Photo courtesy of Cara Nicoletti

Aber der Coolness-Faktor von Fleisch und dem Schlachten ist seit 2008 nicht zurückgegangen. Wenn überhaupt, dann scheint die Presse nur noch mehr darüber zu schreiben. Der Trend des Fleisches—das Draufgängerische von Blut und Innereien—ist scheinbar wichtiger als die eigentliche Botschaft: mehr, aber mit Bedacht essen. Vor allem Schweine scheinen Opfer dieses neuen Trends des Fetischisierens von Fleisch zu sein. Quasi jedes Mal, wenn ich den Fernseher einschalte, wird die Show „KNIFE FIGHT" beworben. Bestandteil dieser ist eine Gruppe von beleibten Köchen, die wahllos kleine Ferkel auf ihre Schneidebretter hauen. 2012 nahm eine Fastfood-Kette einen Eisbecher mit Speck in ihre Speisekarte auf und während des Superbowls lief eine Werbung, in der ein Mann Speck buchstäblich geheiratet hat. Sogar Vicki Gunvalson, Star der Sendung Real Housewives of Orange County, veröffentlichte einen Wodka mit Speckgeschmack, den sie zur Zubereitung eines Drinks namens „The Bloody Piggy" verwendet. Frag mich besser nicht, woher ich das alles weiß. Selbst wenn der Speck in diesen Produkten von ethisch aufgezogenen Tieren stammen würde, wie es am Anfang dieses Trends noch der Fall war … Muss der wirklich auf deinen Donut 'rauf?
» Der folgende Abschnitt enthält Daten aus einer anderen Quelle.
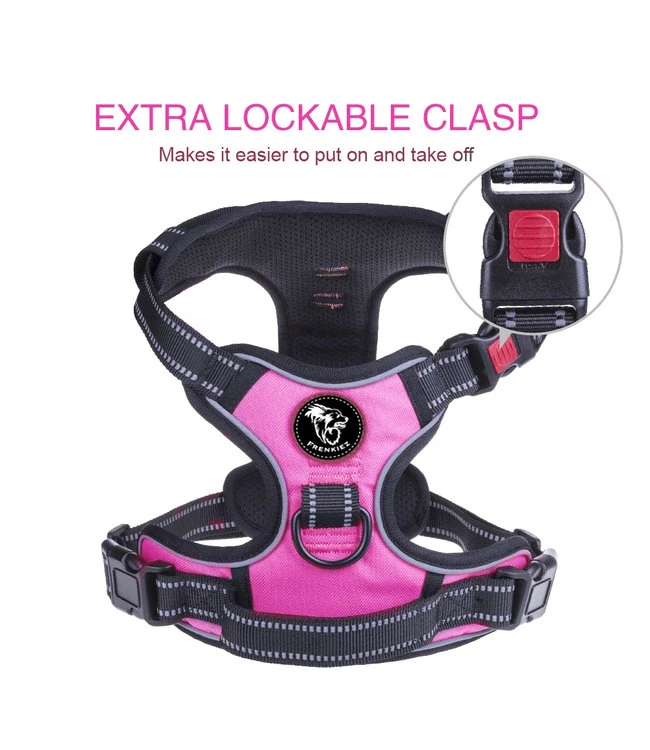 Frenkiez Frenkiez Reflective No Pull Lockable Dog Harness Pink 4 Frenkiez Frenkiez Reflective No Pull Lockable Dog Harness Pink - Afbeelding 2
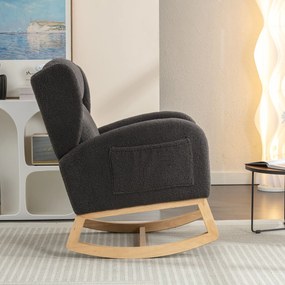 Scaun balansoar modern cu husă din material Teddy, Gri închis | Aosom Romania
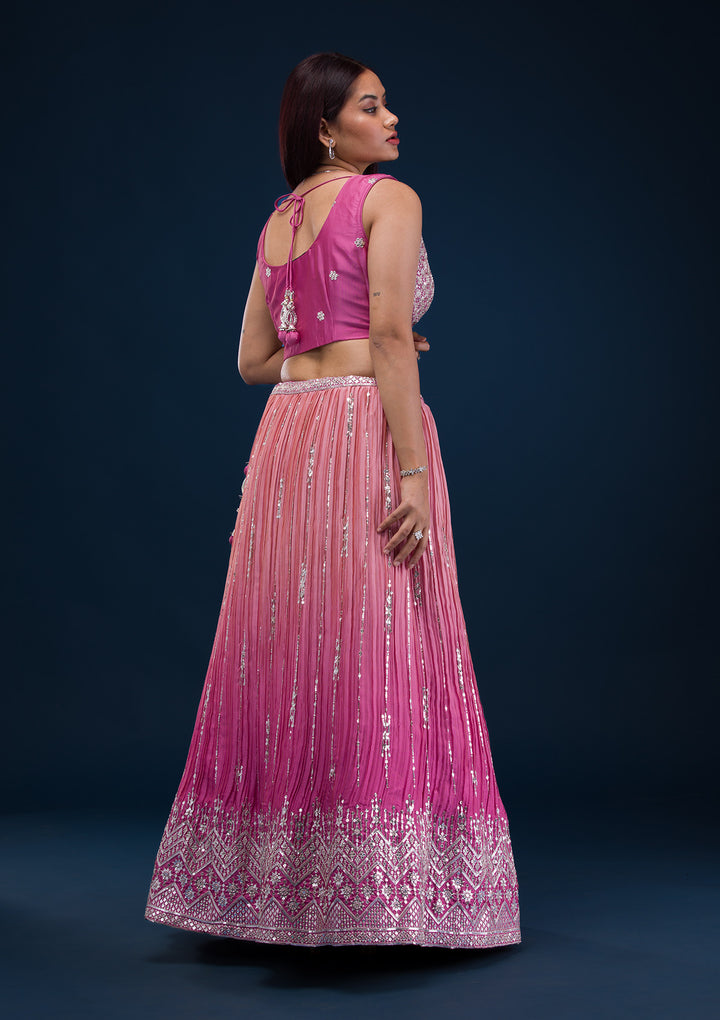 Onion Pink Zariwork Semi Crepe Readymade Lehenga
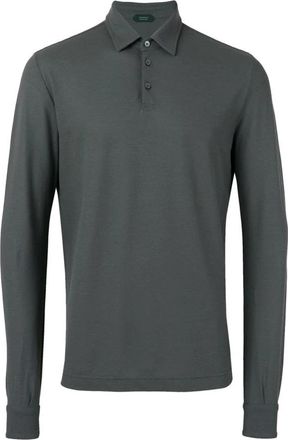 Zanone Ice Cotton Drieknoops Polo - Heren - Polos - Grijs - 2XL - Tops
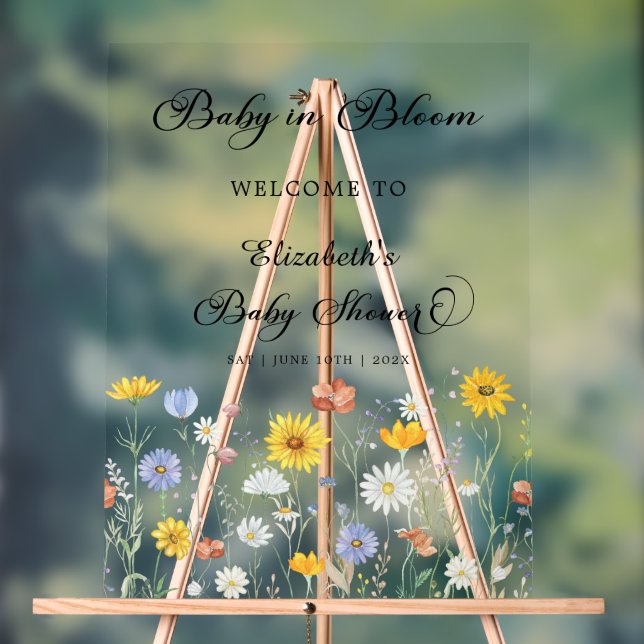 Baby in Bloom Wildflowers Baby Shower Welcome Acrylic Sign (Neutral)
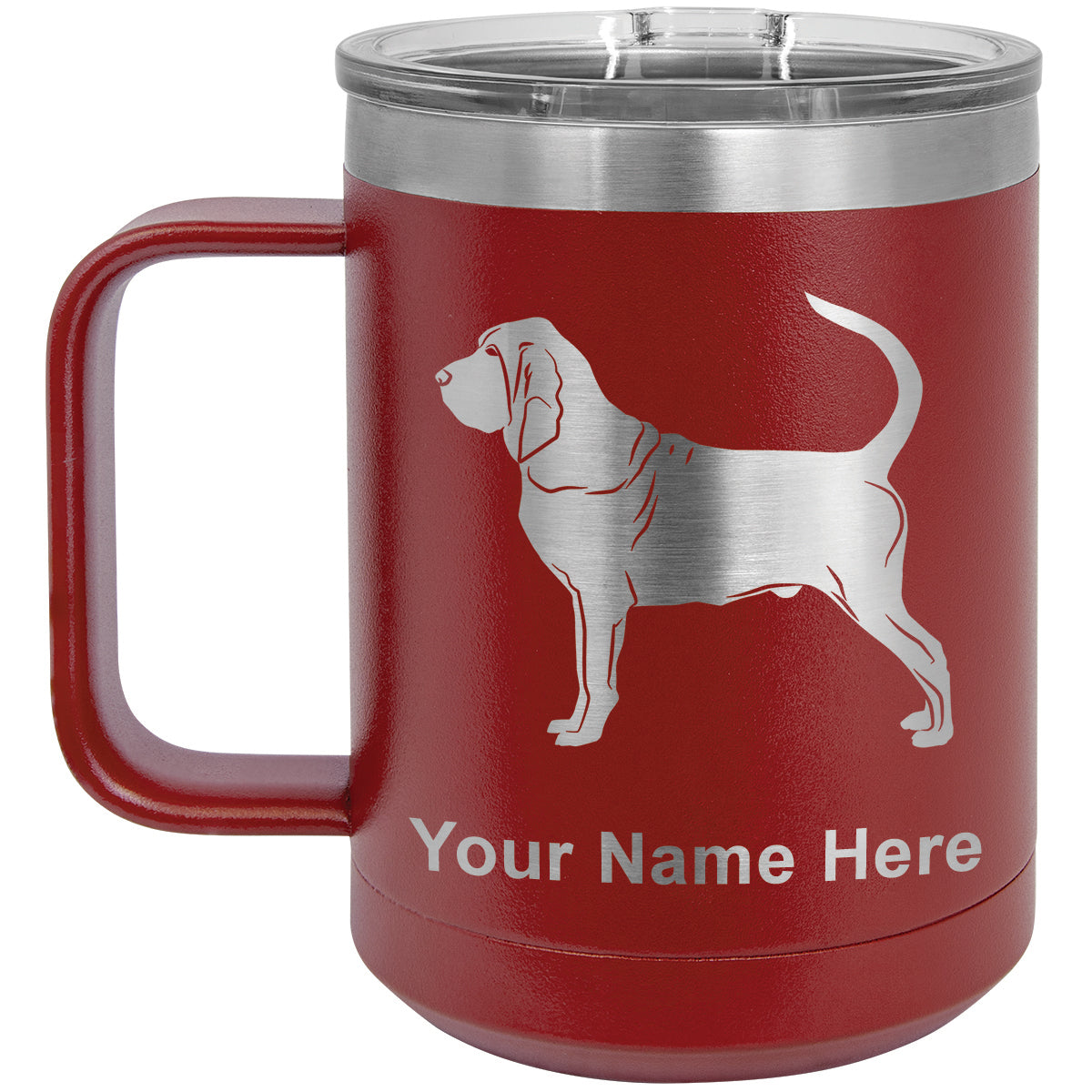15oz Vacuum Insulated Coffee Mug, Bloodhound Dog, Personalized Engraving Included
Photos courtesy of Cara Nicoletti

Vor Kurzem las ich einen Artikel über Esquires Buch „Eat Like a Man", in welchem Josh Ozersky behauptet, dass alle mit Gras gefütterten Rinder „traurige und kräftige Kreaturen" seien, „deren Fetthaltigkeit oder Zartheit nicht über die einer großen Ansammlung von lebendem Trockenfleisch hinausgeht". Jeder, der einmal mit qualitativ hochwertigem, grasgefüttertem Rindfleisch gearbeitet hat, weiß, dass das nicht stimmt. Es ließ mich aber darüber nachdenken, was die nächste Phase dieses Fleischwahns beinhaltet. Folgendes bereitet mir am meisten Sorgen: Die Gegenreaktion wird womöglich so groß sein, dass eine Bewegung zunichte gemacht wird, für die viele Menschen hart gearbeitet haben und Sorge um unsere Nahrungssysteme die Basis war. Wird diese Aussage wieder das nächste coole Ding beim Essen: „Es ist mir egal, wo mein Fleisch herkommt und wie es produziert wurde. Hauptsache, es schmeckt!"?